Because keep in mind, this happened like six, seven years
ago. So what makes a good bot project? The very first thing you
need to know is that you cannot be afraid to do something
different. Okay? If your company has, you know, you've got a
company that has an Internet strategy, assuming it has an
Internet strategy, that just involves browsers and things you
can do with a browser, you're really missing out. Because you
got the whole big, wide Internet available to you, and
everybody uses the same tool, the browser, right, to access
it. And if you expand your scope a little bit and do things
outside of the way browsers work or do things outside of the
way websites are presented to you, you can create a lot of
really cool things. Okay. Don't assume, just to raise a hand,
how many people here have written a screen scraper? Okay. Cool. How
many people have written a spider? Wow. Cool. Cool. Well,
just, if you've got a client, make sure they realize that just
because you know how to scrape screens, you can write a spider,
it doesn't mean you can make a copy of the Internet. Okay? And
you'd be surprised. I get people approaching me all the time with
ideas for projects. A lot of them, they don't know how to
do it. They basically want to create a copy of the Internet.
So if your project requires both backed processing and real-time
results, you've got a problem. Or if you've got a project that
requires just ridiculous scaling, you've got a problem.
Because unless you've got one of these, your project's going to
fail.
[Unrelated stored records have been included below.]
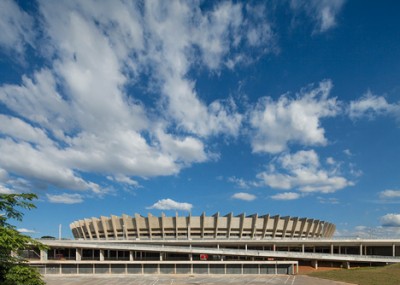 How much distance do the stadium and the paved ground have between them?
275 centimetres

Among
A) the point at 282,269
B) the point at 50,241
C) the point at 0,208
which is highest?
the point at 0,208

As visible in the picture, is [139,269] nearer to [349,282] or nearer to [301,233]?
[349,282]

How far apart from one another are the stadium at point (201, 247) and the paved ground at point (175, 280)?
2747 millimetres

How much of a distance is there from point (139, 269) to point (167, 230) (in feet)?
66.1

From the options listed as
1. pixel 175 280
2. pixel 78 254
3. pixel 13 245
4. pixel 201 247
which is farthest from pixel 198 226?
pixel 13 245

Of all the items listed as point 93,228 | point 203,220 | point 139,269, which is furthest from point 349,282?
point 93,228

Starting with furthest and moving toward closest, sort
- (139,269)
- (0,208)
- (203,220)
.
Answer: (203,220), (139,269), (0,208)

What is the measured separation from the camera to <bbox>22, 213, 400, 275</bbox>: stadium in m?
60.3

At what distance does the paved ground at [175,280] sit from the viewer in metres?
48.3

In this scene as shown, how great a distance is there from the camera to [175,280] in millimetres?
51844

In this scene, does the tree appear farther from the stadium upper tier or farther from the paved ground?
the stadium upper tier

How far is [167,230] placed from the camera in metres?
79.8

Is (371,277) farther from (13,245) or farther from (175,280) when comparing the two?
(13,245)

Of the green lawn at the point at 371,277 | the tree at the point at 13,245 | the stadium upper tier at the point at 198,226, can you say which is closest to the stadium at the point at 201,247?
the stadium upper tier at the point at 198,226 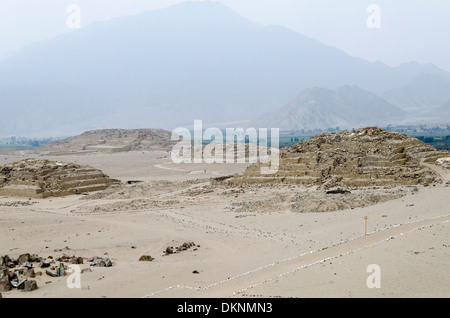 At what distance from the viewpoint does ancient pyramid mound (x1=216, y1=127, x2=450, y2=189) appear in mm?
25006

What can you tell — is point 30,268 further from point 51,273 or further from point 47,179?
point 47,179

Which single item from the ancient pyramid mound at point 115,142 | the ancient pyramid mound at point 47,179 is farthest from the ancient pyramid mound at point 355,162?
the ancient pyramid mound at point 115,142

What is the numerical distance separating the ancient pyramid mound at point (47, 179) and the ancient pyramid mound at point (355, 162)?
9.66 meters

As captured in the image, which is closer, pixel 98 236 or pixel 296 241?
pixel 296 241

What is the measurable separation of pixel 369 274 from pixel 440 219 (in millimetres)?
6494

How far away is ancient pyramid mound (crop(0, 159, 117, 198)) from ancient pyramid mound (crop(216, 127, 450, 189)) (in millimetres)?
9660

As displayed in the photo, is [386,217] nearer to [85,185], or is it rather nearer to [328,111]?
[85,185]

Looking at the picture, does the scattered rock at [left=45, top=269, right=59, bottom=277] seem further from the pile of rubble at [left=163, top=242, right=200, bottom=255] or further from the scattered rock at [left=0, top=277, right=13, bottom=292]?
the pile of rubble at [left=163, top=242, right=200, bottom=255]

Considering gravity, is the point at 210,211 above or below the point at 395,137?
below

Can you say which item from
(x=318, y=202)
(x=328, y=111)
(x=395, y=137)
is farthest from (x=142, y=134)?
(x=328, y=111)

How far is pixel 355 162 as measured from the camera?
26.9 metres

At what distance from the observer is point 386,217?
16.3 metres

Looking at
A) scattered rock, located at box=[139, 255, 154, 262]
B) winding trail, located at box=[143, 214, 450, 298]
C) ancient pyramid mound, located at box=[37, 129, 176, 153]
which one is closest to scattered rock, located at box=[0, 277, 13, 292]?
winding trail, located at box=[143, 214, 450, 298] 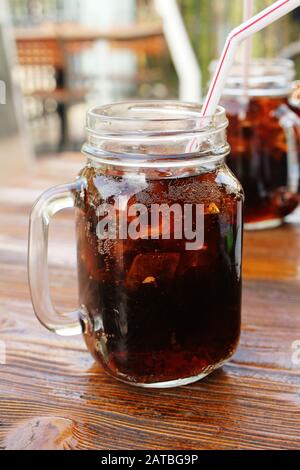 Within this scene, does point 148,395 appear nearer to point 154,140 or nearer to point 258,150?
point 154,140

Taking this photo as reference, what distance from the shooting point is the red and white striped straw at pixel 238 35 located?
51cm

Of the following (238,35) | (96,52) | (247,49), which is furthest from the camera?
(96,52)

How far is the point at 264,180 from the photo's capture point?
3.14ft

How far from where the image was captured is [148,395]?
571mm

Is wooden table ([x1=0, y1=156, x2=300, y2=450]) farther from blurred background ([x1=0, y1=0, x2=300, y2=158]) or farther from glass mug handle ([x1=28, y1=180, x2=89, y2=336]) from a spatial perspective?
blurred background ([x1=0, y1=0, x2=300, y2=158])

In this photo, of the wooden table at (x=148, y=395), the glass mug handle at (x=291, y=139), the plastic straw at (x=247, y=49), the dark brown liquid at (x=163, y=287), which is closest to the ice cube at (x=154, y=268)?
the dark brown liquid at (x=163, y=287)

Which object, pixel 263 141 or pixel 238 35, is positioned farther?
pixel 263 141

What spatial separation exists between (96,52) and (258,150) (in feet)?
12.0

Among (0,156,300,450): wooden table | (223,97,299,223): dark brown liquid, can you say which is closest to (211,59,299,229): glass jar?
(223,97,299,223): dark brown liquid

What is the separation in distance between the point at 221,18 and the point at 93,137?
7.86ft

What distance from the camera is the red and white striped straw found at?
0.51 meters

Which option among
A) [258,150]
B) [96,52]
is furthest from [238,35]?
[96,52]

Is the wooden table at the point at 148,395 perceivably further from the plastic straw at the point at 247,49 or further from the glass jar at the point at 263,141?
the plastic straw at the point at 247,49

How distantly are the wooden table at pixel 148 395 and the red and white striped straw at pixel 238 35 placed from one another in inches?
9.7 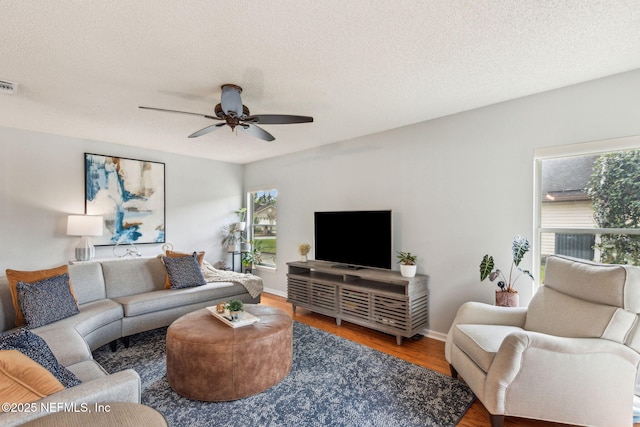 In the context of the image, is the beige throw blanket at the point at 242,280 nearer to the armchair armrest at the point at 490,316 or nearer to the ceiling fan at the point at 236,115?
the ceiling fan at the point at 236,115

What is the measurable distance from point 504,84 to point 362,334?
291 cm

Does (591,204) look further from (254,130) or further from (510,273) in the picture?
(254,130)

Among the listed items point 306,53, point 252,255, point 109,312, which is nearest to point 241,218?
point 252,255

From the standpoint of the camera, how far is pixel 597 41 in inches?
74.5

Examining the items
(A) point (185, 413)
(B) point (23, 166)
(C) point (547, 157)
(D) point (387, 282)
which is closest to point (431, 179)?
(C) point (547, 157)

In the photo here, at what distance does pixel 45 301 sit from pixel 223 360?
5.40 ft

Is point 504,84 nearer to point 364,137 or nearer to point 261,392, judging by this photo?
point 364,137

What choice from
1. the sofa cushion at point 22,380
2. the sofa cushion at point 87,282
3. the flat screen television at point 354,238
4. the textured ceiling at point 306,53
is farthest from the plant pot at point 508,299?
the sofa cushion at point 87,282

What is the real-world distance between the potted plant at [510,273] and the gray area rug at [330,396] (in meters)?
0.86

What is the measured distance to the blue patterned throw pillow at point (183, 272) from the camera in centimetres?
358

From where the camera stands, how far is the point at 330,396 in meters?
2.18

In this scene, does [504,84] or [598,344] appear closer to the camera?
[598,344]

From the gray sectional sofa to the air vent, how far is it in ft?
5.42

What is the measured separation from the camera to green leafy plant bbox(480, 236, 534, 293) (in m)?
2.61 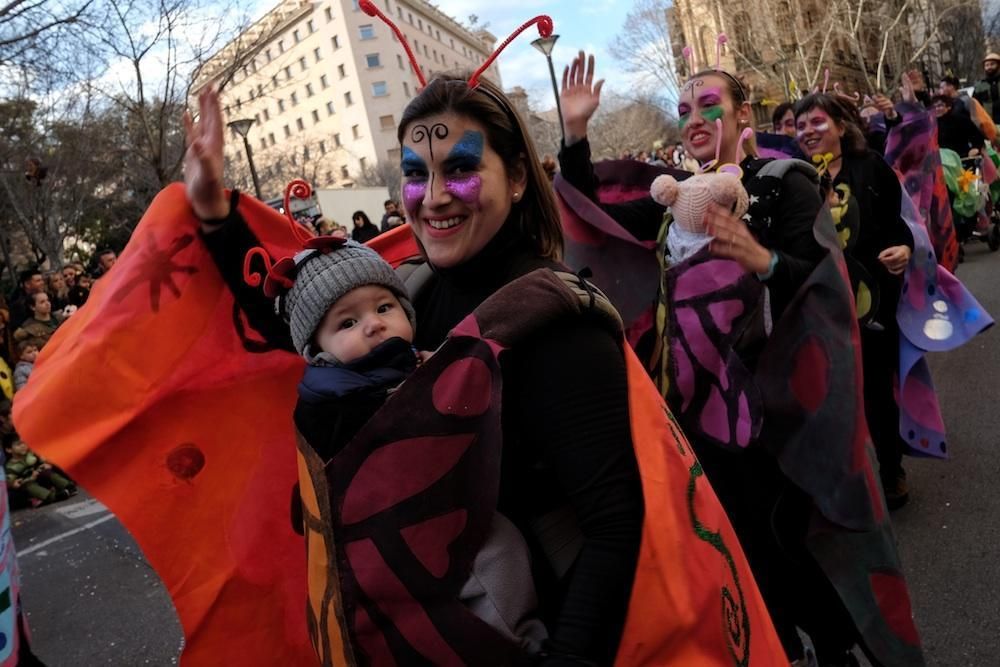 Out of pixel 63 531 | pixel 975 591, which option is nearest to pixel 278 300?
pixel 975 591

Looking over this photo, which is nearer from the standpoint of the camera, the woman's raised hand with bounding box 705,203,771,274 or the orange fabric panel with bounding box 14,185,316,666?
the orange fabric panel with bounding box 14,185,316,666

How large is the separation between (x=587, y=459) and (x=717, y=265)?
1.23 meters

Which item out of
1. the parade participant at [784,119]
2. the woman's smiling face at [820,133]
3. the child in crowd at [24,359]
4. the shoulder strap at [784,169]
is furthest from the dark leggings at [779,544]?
the child in crowd at [24,359]

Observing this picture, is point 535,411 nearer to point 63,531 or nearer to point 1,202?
point 63,531

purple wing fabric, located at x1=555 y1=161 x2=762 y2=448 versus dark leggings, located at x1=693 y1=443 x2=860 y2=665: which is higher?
purple wing fabric, located at x1=555 y1=161 x2=762 y2=448

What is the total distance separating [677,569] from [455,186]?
798 mm

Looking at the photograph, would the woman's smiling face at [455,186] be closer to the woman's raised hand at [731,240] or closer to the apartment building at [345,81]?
the woman's raised hand at [731,240]

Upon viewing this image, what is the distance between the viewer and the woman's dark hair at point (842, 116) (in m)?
3.63

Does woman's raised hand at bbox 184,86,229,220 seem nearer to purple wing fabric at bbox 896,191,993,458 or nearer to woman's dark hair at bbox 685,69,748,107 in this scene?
woman's dark hair at bbox 685,69,748,107

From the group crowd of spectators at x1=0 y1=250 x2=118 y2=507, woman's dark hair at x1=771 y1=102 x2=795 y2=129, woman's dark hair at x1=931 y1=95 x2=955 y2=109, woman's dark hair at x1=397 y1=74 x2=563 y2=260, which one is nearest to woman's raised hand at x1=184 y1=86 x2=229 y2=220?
woman's dark hair at x1=397 y1=74 x2=563 y2=260

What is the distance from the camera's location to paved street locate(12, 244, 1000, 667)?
109 inches

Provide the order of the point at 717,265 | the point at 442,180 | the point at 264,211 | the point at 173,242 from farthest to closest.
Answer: the point at 717,265, the point at 264,211, the point at 173,242, the point at 442,180

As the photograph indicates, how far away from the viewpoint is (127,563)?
474 centimetres

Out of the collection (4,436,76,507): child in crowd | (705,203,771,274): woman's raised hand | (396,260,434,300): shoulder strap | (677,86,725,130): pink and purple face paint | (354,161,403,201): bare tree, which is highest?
(354,161,403,201): bare tree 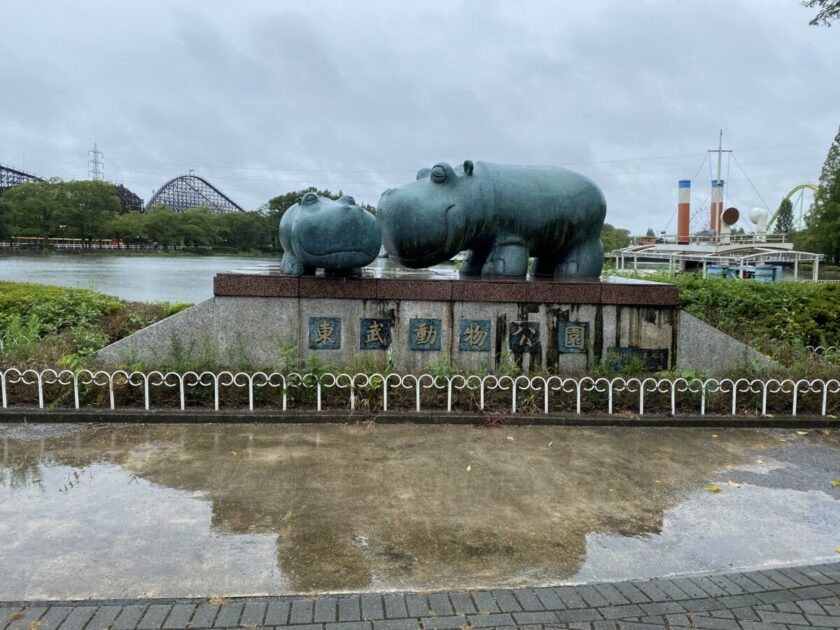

You know, you're not going to replicate Google unless
you've got one of these. And then I tell clients after I say,
you know, you really can't do this, it's like, why not? And I
say, well, because Google spends about a million dollars a day on
electricity. That's why. That's why your project's going to fail.
Realize that you don't own, I refer to targets as the subject
server. Don't assume that you own that server. Okay? For
example, I had a potential client approach me a few years
ago, and he wanted to monitor prices on Amazon. About 100,000,
for about 100,000 items. I thought, that sounds really like
a useful thing to do. This guy was a big-time Amazon seller.
Until I found out that he wanted to do this every five
seconds. That's not going to work. It's not going to work.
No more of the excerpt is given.